● **WHAT IS BEING ASKED**: Return the data below exactly as given, except for the images.

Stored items
##########
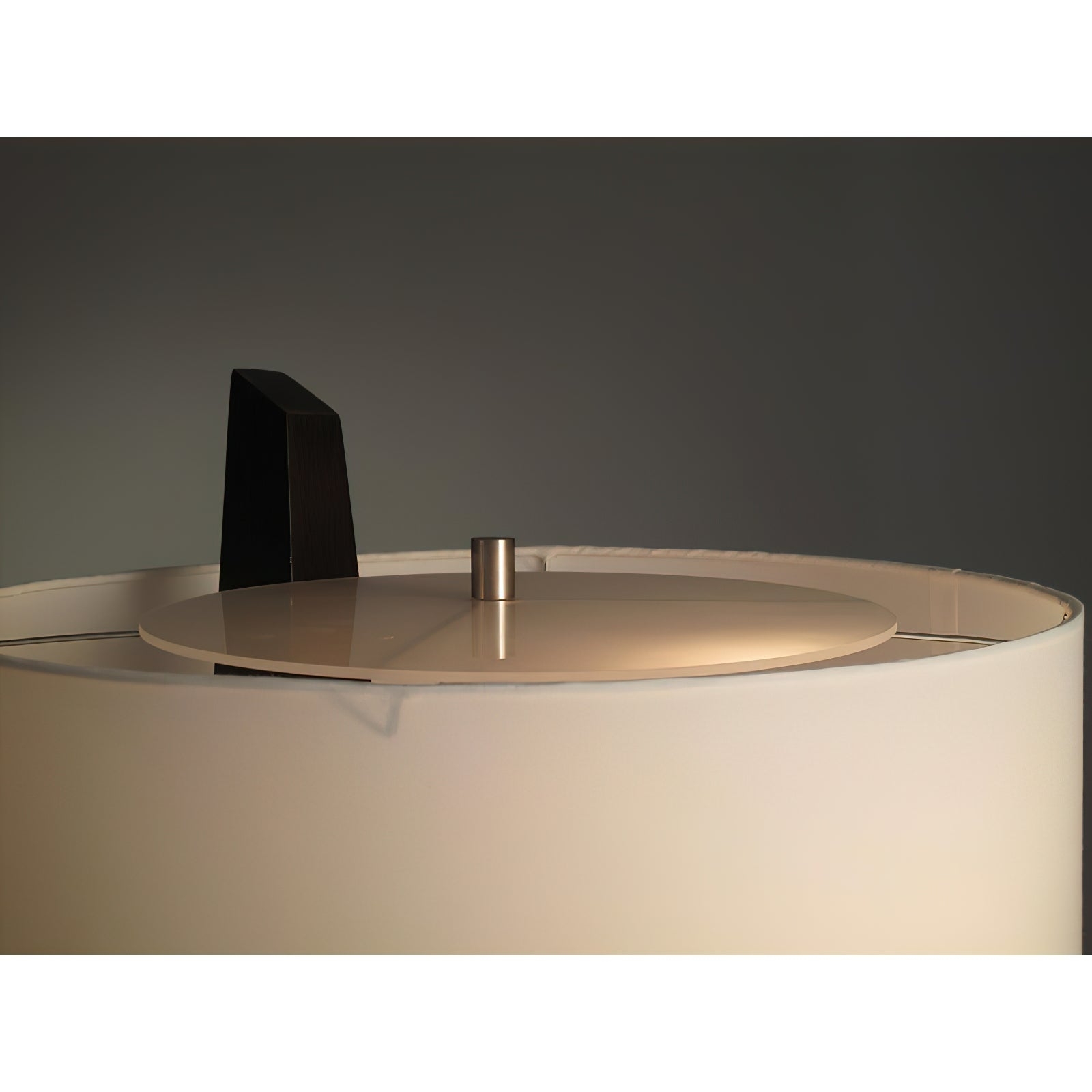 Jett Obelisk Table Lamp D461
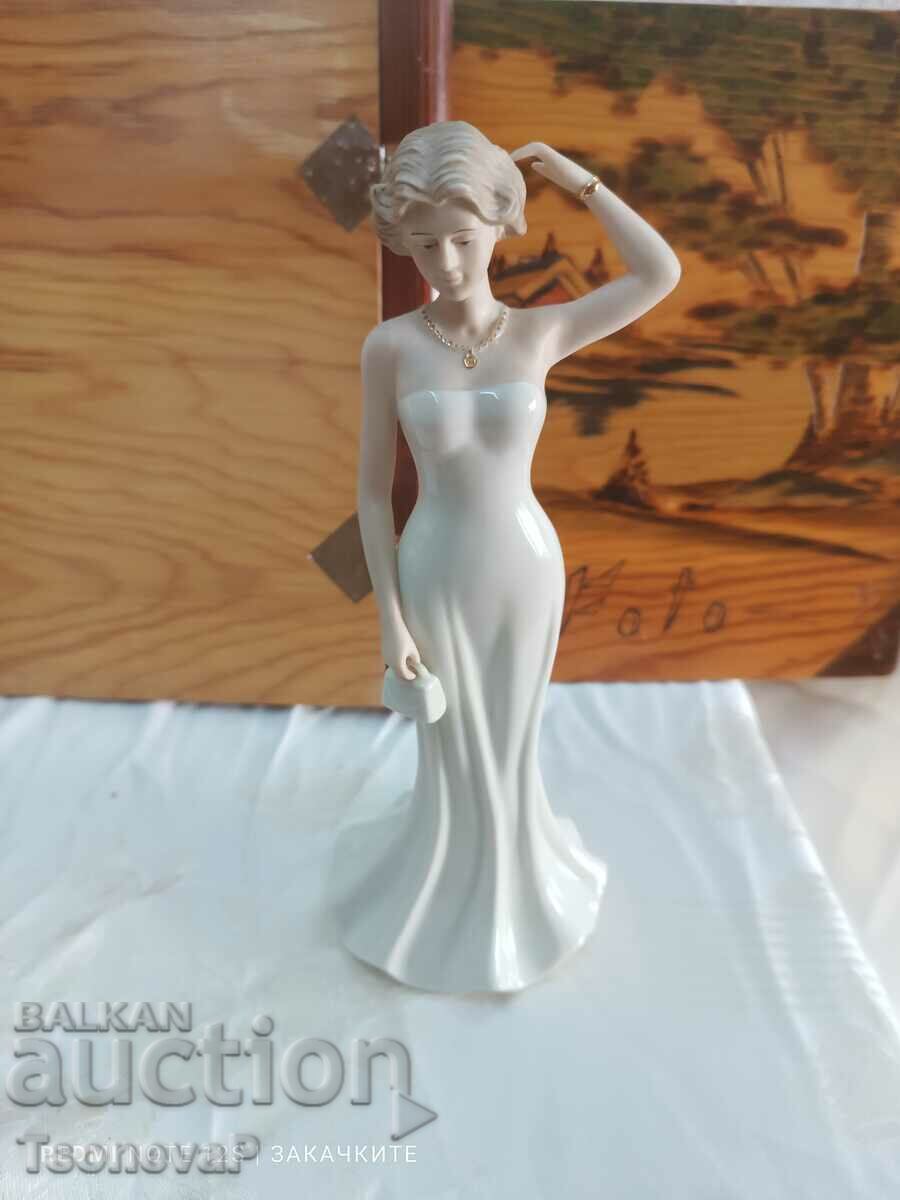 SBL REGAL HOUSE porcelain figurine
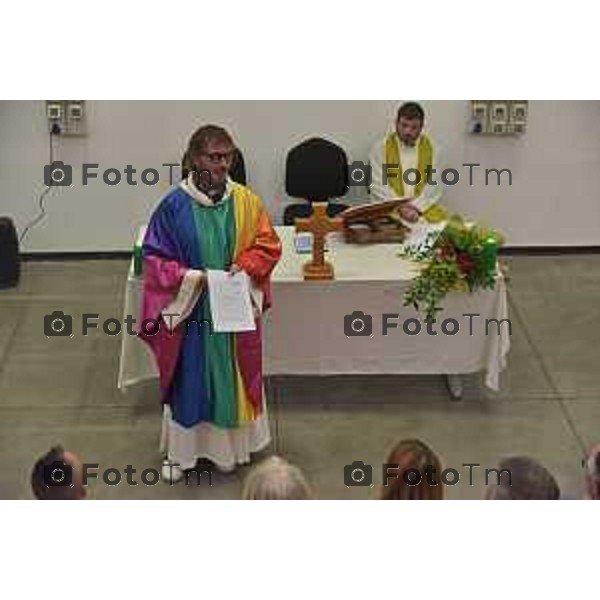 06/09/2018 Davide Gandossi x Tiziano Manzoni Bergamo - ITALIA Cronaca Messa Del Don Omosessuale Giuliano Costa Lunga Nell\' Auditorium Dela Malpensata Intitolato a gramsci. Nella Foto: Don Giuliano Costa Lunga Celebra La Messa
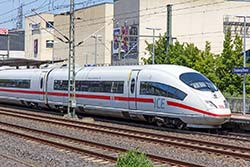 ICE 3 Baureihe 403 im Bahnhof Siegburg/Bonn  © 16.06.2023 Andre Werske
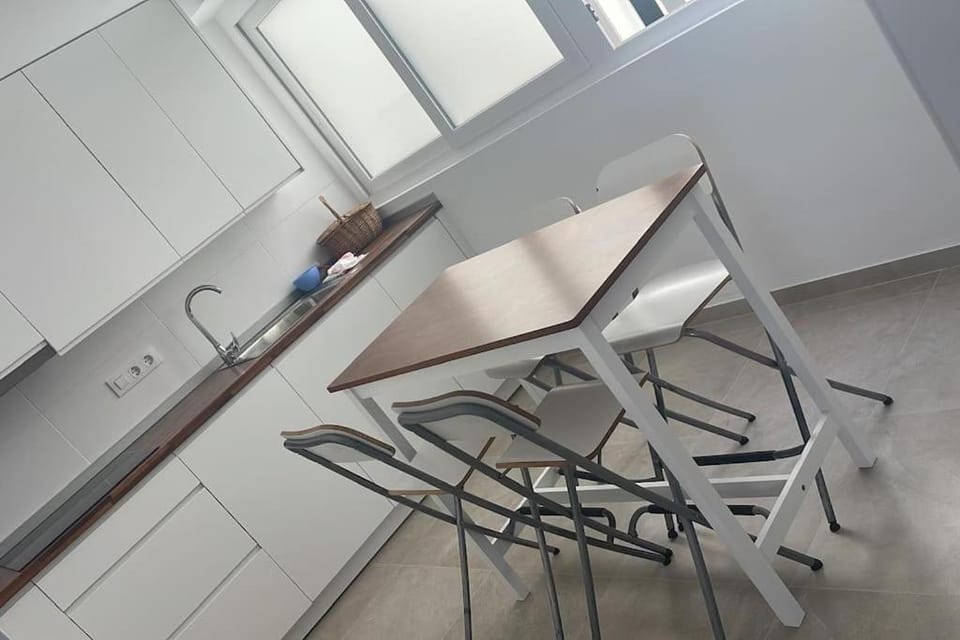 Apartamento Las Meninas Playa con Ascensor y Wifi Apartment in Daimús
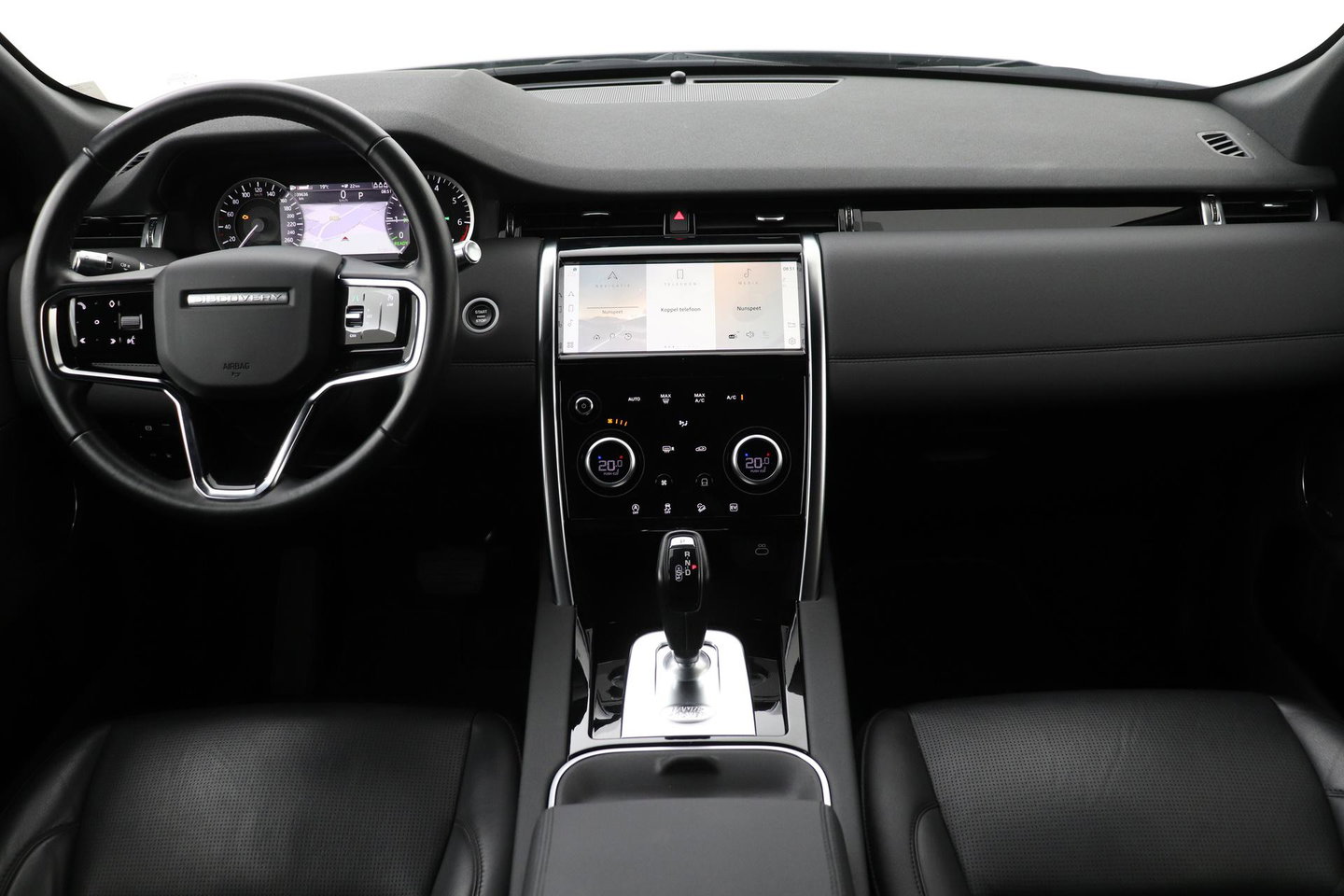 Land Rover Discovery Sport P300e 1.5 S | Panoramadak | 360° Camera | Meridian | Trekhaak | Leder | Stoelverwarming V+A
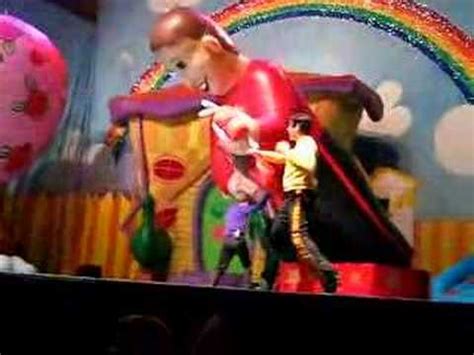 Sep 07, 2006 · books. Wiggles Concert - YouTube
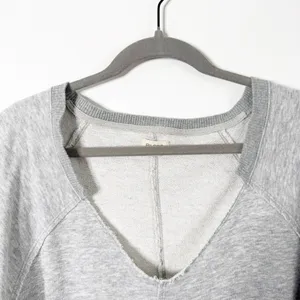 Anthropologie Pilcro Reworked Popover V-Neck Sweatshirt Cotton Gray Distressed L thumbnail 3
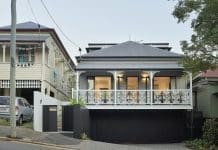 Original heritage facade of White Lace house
##########
● **RESULT FOR THIS EXERCISE**:
 Jett Obelisk Table Lamp D461
 SBL REGAL HOUSE porcelain figurine
 06/09/2018 Davide Gandossi x Tiziano Manzoni Bergamo - ITALIA Cronaca Messa Del Don Omosessuale Giuliano Costa Lunga Nell\' Auditorium Dela Malpensata Intitolato a gramsci. Nella Foto: Don Giuliano Costa Lunga Celebra La Messa
 ICE 3 Baureihe 403 im Bahnhof Siegburg/Bonn  © 16.06.2023 Andre Werske
 Apartamento Las Meninas Playa con Ascensor y Wifi Apartment in Daimús
 Land Rover Discovery Sport P300e 1.5 S | Panoramadak | 360° Camera | Meridian | Trekhaak | Leder | Stoelverwarming V+A
 Sep 07, 2006 · books. Wiggles Concert - YouTube
 Anthropologie Pilcro Reworked Popover V-Neck Sweatshirt Cotton Gray Distressed L thumbnail 3
 Original heritage facade of White Lace house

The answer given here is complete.